Anne-France Abillon porte en des lieux qui échappent à la société. C’est d’ailleurs une idéee très belle de croire qu’il existe une région de l’humain que la société n’atteindra jamais et que les installations de l’artiste proposent. Celle-ci offre la possibilité expérimentale de questionner le réel autour de la fragilité et du lien par diverses stratégies : reflet, répétition, insert, regard par exemple sur des toiles d’araignée que l’artiste file à son tour. Pâleur des couleurs, importance du noir et blanc, des enchevêtrements proposent des avènements particuliers. Surgit la rencontre toujours à venir et qui a eu lieu. Dans un passé éternel, un passé sans présent. Mais comme si la création laissait à sa créatrice une place dans un présent possible.
Un franchissement du seuil des apparences est proposé. Il touche aux profondeurs de l’être. L’intime est dehors — sans pour autant être exhibé. Les occurrences de l’apparition du paysage créent des rythmes. Ils battent avec une régularité métronomique ou dans une sorte d’affolement. Régularité et cassure, présence et absence : le dévoilement est sans cesse déplacé. Il crée des « virtualités » qui n’en sont pas. S’ouvre alors le transfert d’une visibilité apprise vers quelque chose d’inconnu. Cette énigme repose la question de la présence au monde et — en conséquence — celle de l’art. Il faut se laisser glisser dans le mystère de la chambre noire : sentir l’insoutenable proximité de l’image qui y est renversée. Chaque image est le propre vertige de sa courbe — mais quel centre, un jour, saura fixer son cercle ?
Anne-France Abillon, ” Tisseuses du monde, « Art et Territoire » , Chapelle Saint-Anne à Athis de L’Orne (Suisse), www. Aertigo.com Du 1er juin au 1er septembre.
Entretien avec Anne-France Abillon réalisé en mars 2013
Qu’est-ce qui vous fait lever le matin ?
La lumière de l’aube qui entre dans la maison.

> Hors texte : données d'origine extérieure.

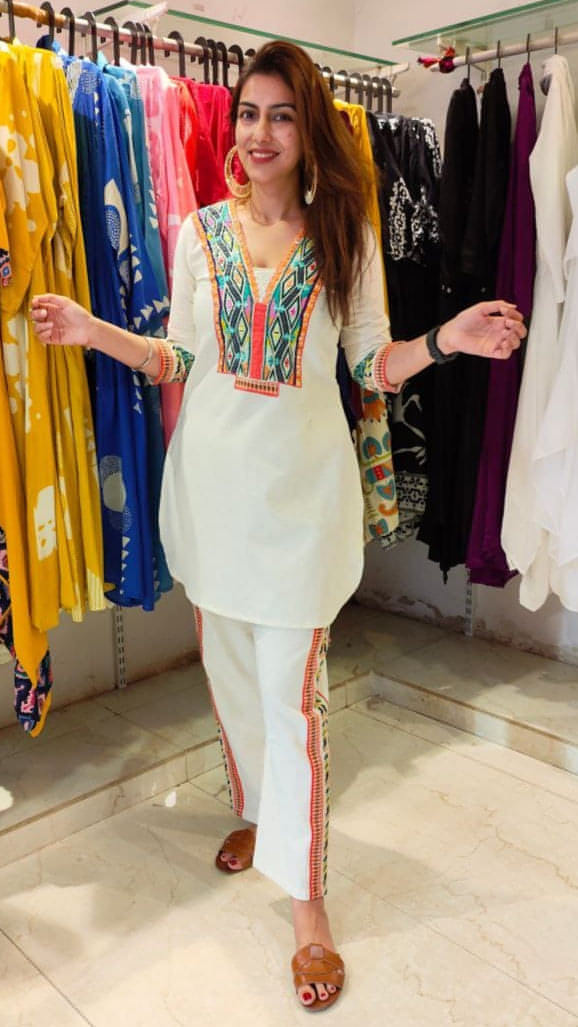 Diamond Off White Kurta Pant Set For Holi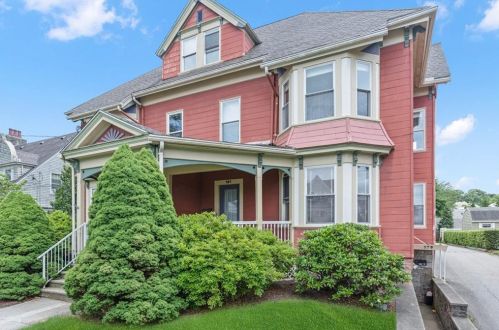 181 Carrington Ave, Woonsocket RI  02895-4535 exterior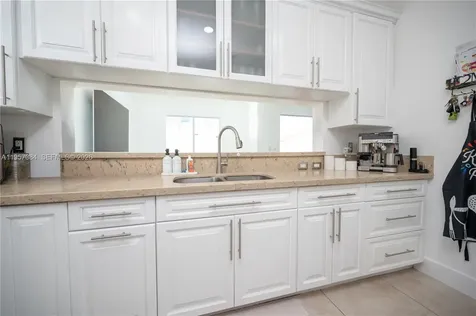 1046 NE 17th Terrace Homestead FL 33033
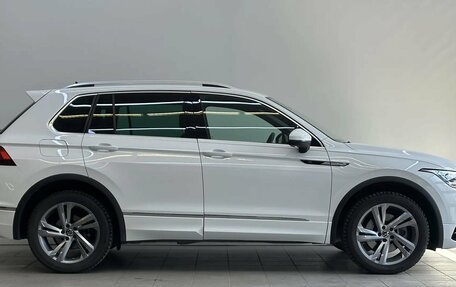 Volkswagen Tiguan II, 2021 год, 3 390 000 рублей, 4 фотография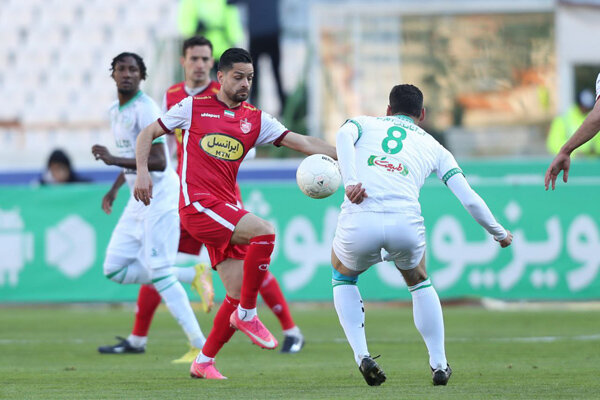 دوست ندارم صحبتهای گلمحمدی را باور کنم/ آدم را به شک میاندازند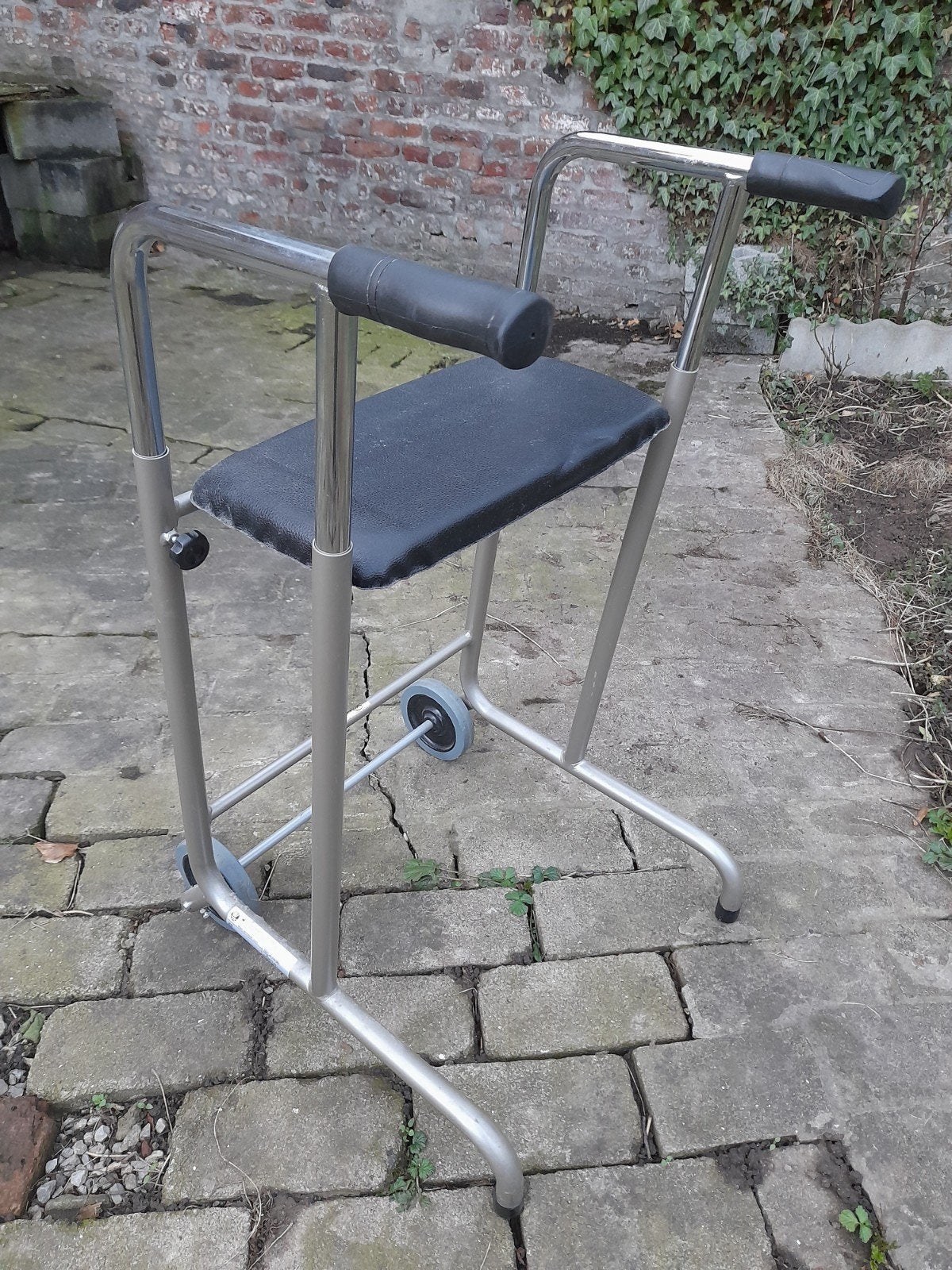 LOT  SPECIAL PMR nouvelle  prothese av fauteuil, Enlèvement ou Envoi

Au lever du soleil il y a une jubilation.
Que sont devenus vos rêves d’enfant ?
Je me souviens comme si c’était hier de mes rêves d’enfant et chemine avec eux essayant de les porter le plus loin possible. Je rêvais de comprendre le sens de la vie, de faire une école d’art, de vivre une grande histoire d’amour et de prendre soin des animaux.
A quoi avez-vous renoncé ?
Je ne suis pas quelqu’un qui renonce facilement. A l’adolescence, je crois avoir renoncé à devenir vétérinaire.
D’où venez-vous ?
D’où on vient, c’est le grand mystère de la vie, je ne sais pas !
Qu’avez-vous reçu en dot ?
La capacité d’émerveillement, la rigueur, le goût du raffinement et du beau, le désir de tout savoir sur la vie et l’amour du vivant.
Qu’avez vous dû “plaquer” pour votre travail ?
Les certitudes et à une certaine période l’approbation de mon entourage.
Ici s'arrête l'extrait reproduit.